What you will do :: Look below for the line containing "Suite familiar, 2" and the line containing "Garagem de casa", then set down both and every line between them exactly, without pictures.

Data supplied ::
-- Opening Marker --
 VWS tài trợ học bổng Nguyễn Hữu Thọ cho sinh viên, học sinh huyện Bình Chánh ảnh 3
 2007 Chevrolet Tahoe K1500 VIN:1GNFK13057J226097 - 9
-- Closing Marker --
-- Opening Marker --
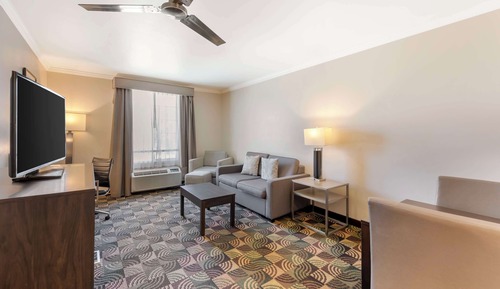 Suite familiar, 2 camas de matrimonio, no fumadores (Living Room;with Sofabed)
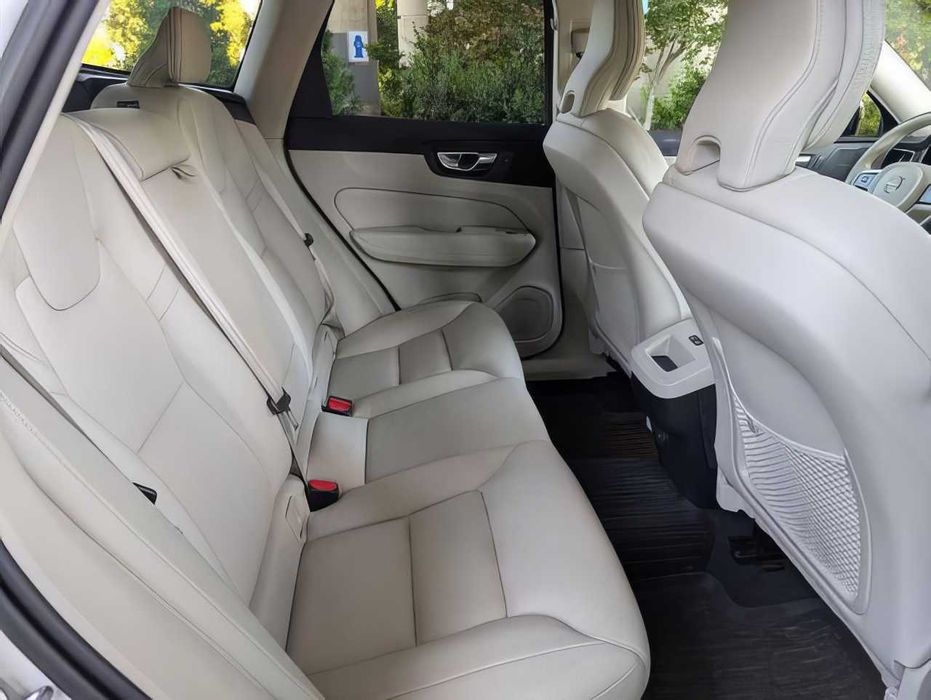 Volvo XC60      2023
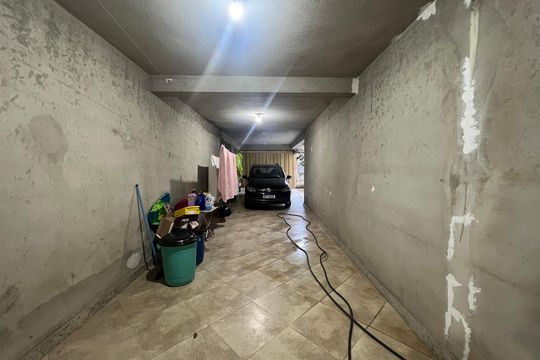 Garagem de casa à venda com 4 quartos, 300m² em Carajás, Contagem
-- Closing Marker --
-- Opening Marker --
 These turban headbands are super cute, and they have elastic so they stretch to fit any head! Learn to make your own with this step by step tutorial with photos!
-- Closing Marker --
Response to the exercise ::
 Suite familiar, 2 camas de matrimonio, no fumadores (Living Room;with Sofabed)
 Volvo XC60      2023
 Garagem de casa à venda com 4 quartos, 300m² em Carajás, Contagem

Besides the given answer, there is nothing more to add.